Bar Harbor’s College of the Atlantic opens its doors to families each summer, offering multiple sessions of its Family Nature Camp. This hands-on, participatory, naturalist-led learning vacation provides plenty of fodder for those “What I Did On My Summer Vacation” essays. Minimum age is five; extended family is welcome. Camp includes campus lodging, meals, field trips, and some boat tours.

Fiddling Around

Learn to play the fiddle by ear at the Maine Fiddle Camp, held on the grounds of Camp NEOFA in Montville. Campers stay in rustic cabins or tent and enjoy communal meals outdoors. There’s plenty of time to swim or hang out in the afternoon, before the evening concerts, dances, and jams. A weekend camp is usually held in June, with week-long sessions offered at other times during the summer.

Going Whole Hog for Birds: tweet about birding skills

Here’s something to tweet about: The Puffin Project sponsors residential ornithology programs at Hog Island Audubon Camp. The one-week sessions take place on the 330-acre island in Muscongus Bay, off Pemaquid Point, and are led by prominent naturalists and environmental educators, are intensive. Lodging is rustic, with shared baths and family -style meals.

Does the name Sikorski ring a Bell? A wilderness aviation experience

Here’s a learning vacation for aviation buffs: Bradford Camps’ Sikorsky Seminar. Bradford Camps is a traditional Maine sporting camp on the shores of undeveloped Munsungun Lake.

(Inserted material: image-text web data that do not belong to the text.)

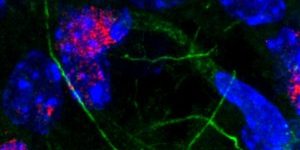 Immunofluorescent staining of mouse brain, showing neurons and glial cells in the hippocampus. Blue are cell nuclei, while green are microfilaments of the cell extensions. Red is a marker of DNA damage and is predominantly in the neurons. Aris Polyzos/Berkeley Lab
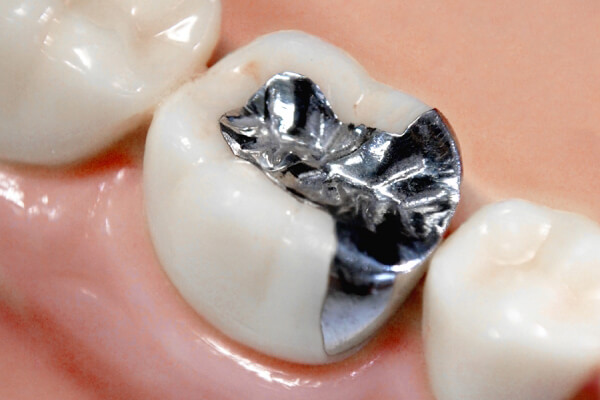 銀歯を白いセラミック歯に メタルフリー治療 洲本市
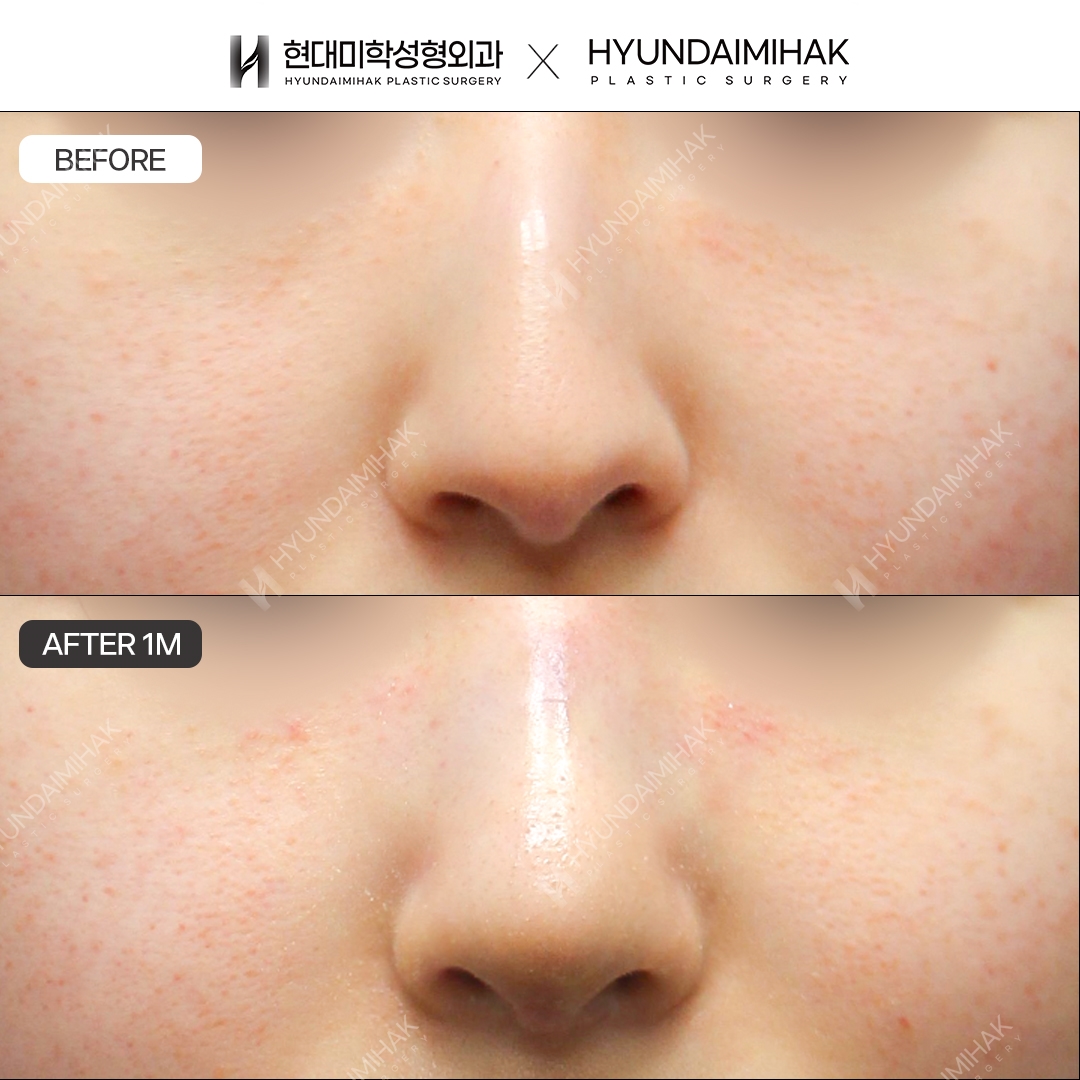[Hump Nose Surgery] Nasal bridge + nasal tip, 1 month post-op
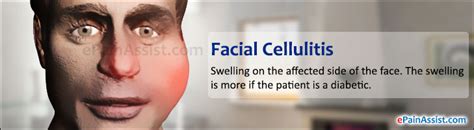 Facial Cellulitiscausesrisk Factorssignssymptomsinvestigations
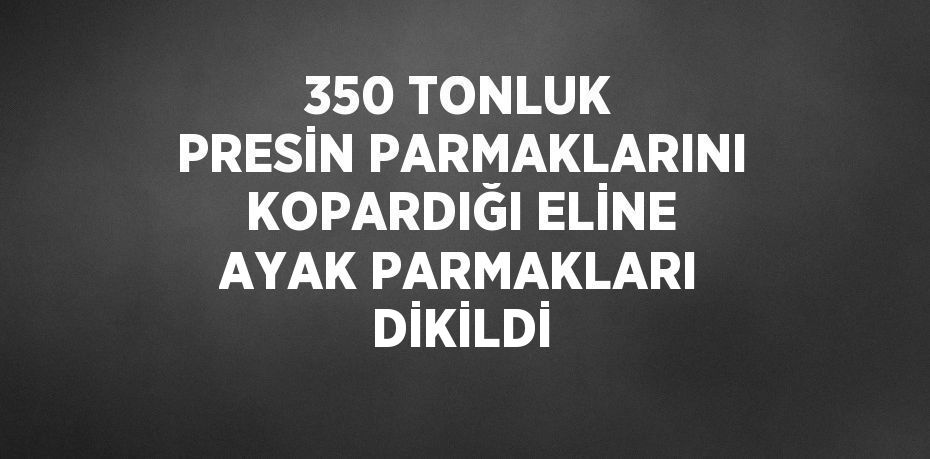 350 TONLUK PRESİN PARMAKLARINI KOPARDIĞI ELİNE AYAK PARMAKLARI DİKİLDİ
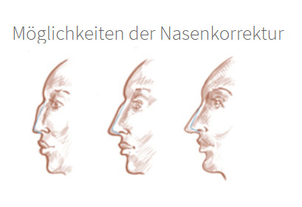 Eine Nase kann u.a. begradigt, verkleinert oder vergrößert werden - Dr. med. Sixtus Allert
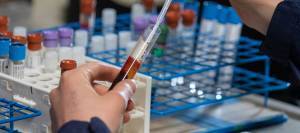 Equine nutrition research blood sample at KER Performance Center.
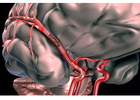 What Treatment Options Are Available for Stroke Hemorrhagic?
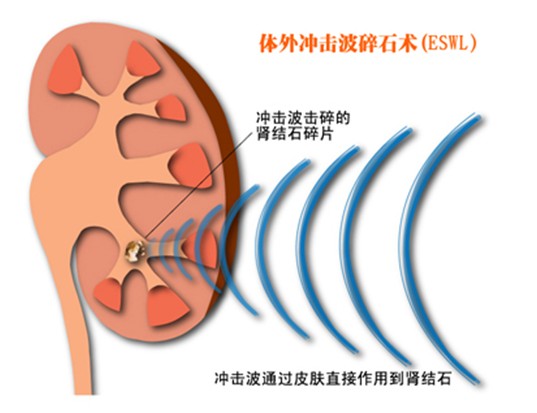 体外震波碎石术 体外震波碎石术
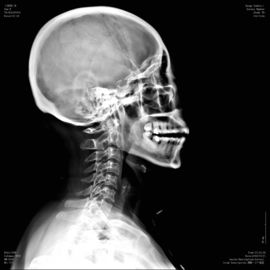 Good price ฟิล์มโปร่งใส Xray ทางการแพทย์ของ Konida ความหนาแน่นสูง KND-F สำหรับฟูจิ 3000, 2000, 1,000 ออนไลน์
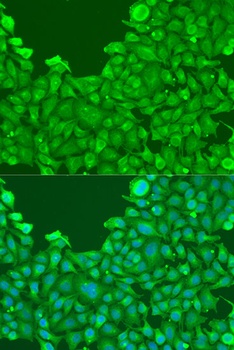 BMP2 Antibody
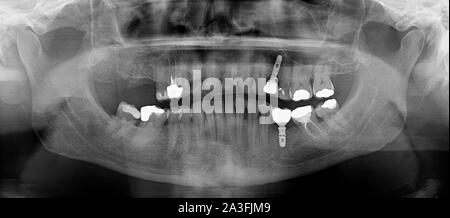 Panoramica di radiografia dentale Foto Stock
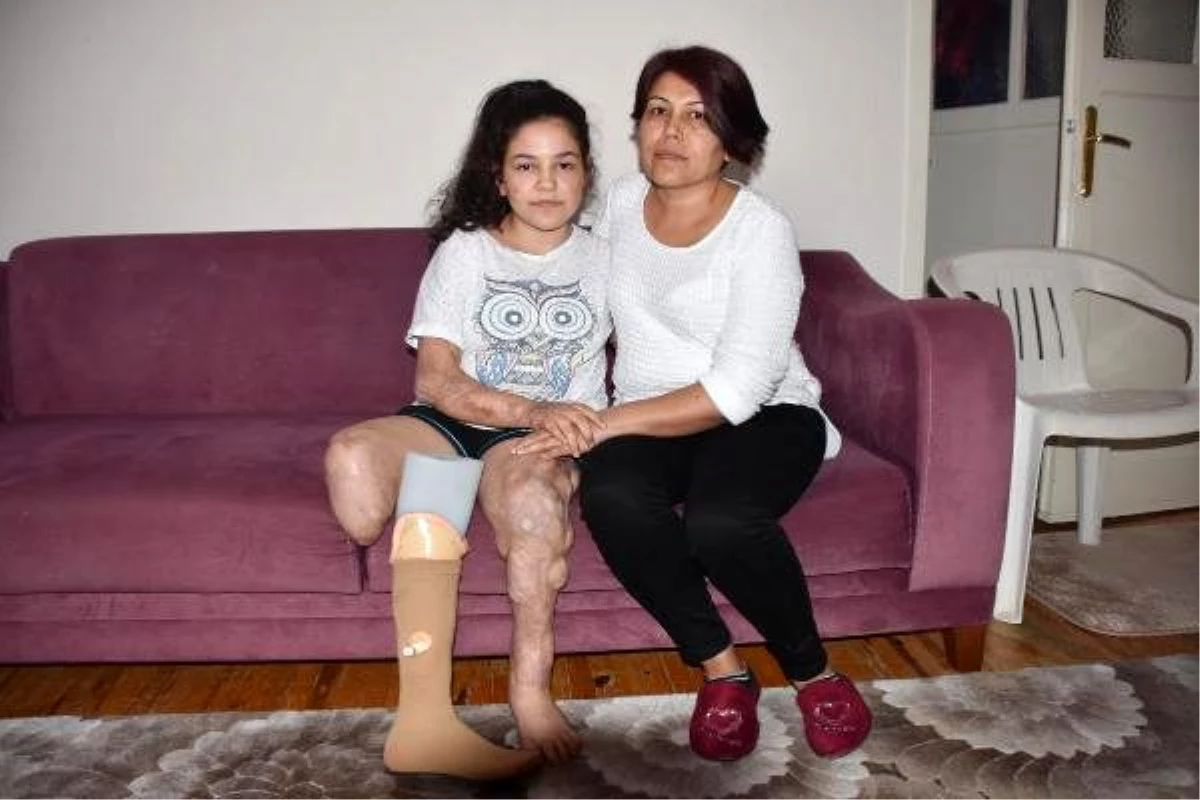 Menenjit yüzünden bacağını kaybeden Melis, yardım istiyor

Stretching along the shoreline are log cabins and a central lodge, where all meals are served. Popular with anglers and hunters in spring and fall, it caters to families in the summer months, with endless opportunities for hiking, swimming, boating and wildlife watching.

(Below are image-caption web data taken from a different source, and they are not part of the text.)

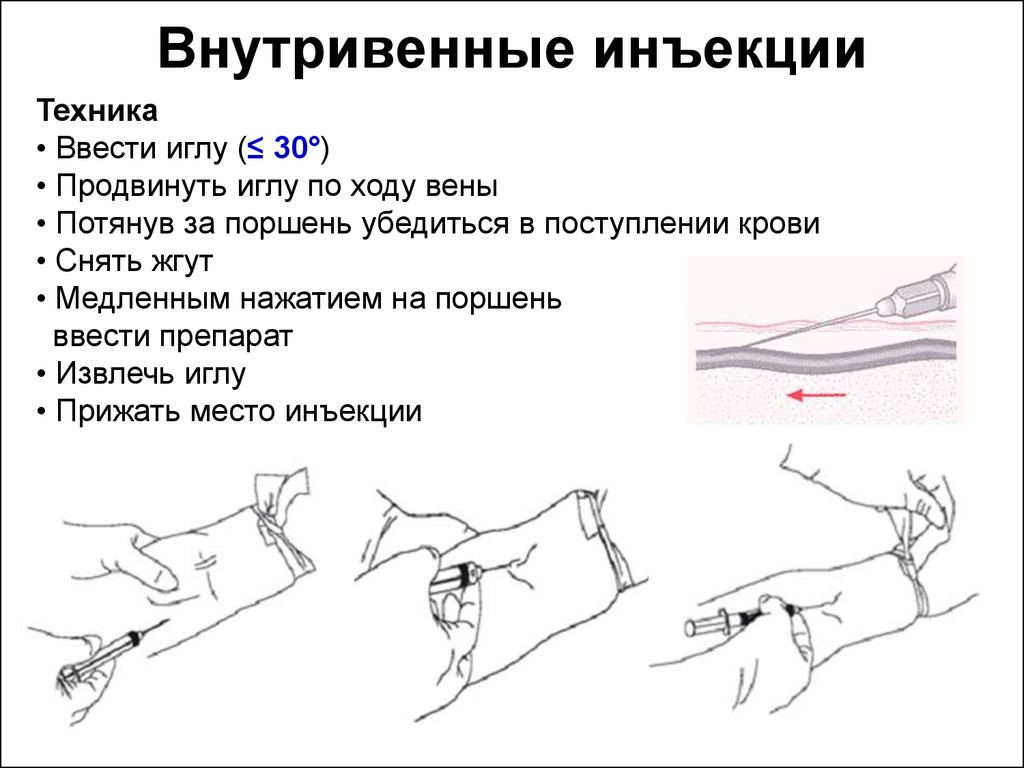 Как правильно держать шприц при внутривенной инъекции фото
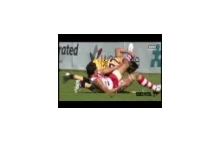 Najgorsze złamanie na meczu rugby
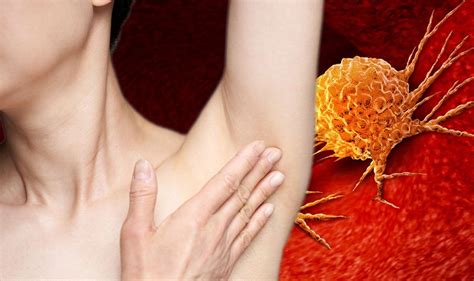 diagnose lump  skin  sophie catani blog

Every July, one special weekend is dedicated to the grandfather of Igor I. Sikorsky III, who operates the camps with his wife, Karen. Igor’s grandfather is best known for his work in developing the helicopter, but he also built the world’s first multi-engine aircraft, designed and built the largest aircraft used in World War I, and later worked with large amphibians, which paved the way for commercial aviation.

The Sikorsky Weekend is an opportunity to learn more about the aviation pioneer and talk shop with flight buffs while perusing books, artifacts, videos and photos. Saturday features seaplane rides with as well as a guest speaker. Cost covers all meals, private lodging and use of facilities, including boats, motors and kayaks. Do yourself a favor and splurge on floatplane transportation from either Bangor or Millinocket, otherwise it’s 60 miles over bone-chattering backwoods roads from the nearest blacktop.

Surf’s Up! Build your own surfboard

York’s Grain Surfboards is renowned for its handcrafted wooden surfboards, but it also offers surfboard-building classes, including a Surfboard Builder’s Fantasy Camp. The former are group programs; the latter is a one-on-one, week-long program during which you’ll work with a personal board builder to craft the perfect board: any board, any time, your own builder.

Woods-wise ways: Learn wilderness skills

For more than a decade, The Maine Outdoor Learning Center has been preparing wanna-bes to become registered Maine Guides or simply learn wilderness survival skills. These  hands-on learning vacations cover everything a guide must know to pass the state exams.

You’ll be schooled in canoeing and river reading, fishing, outdoor cooking, map and compass skills, search-and-rescue techniques, and flora and fauna identification. In the process, you’ll learn the specifics of hunting, fishing, and recreational guiding. You’ll pole a canoe, cook over an open fire, practice map-and-compass skills. Sessions, limited to six to 10 students, mix classroom and practical sessions and are held in various locations.

Be a sport: Discover a new way to play in the outdoors

No prior experience is necessary to participate in L.L. Bean’s Outdoor Discovery School’s programs. Learning vacation options include: archery, canoeing, kayaking, fly fishing, clay shooting, bicycling, cross-country skiing, snowshoeing, and paddleboarding. Each program is participatory, so you’ll learn by doing. Programs include equipment and instruction, and range from a few hours to multiple days.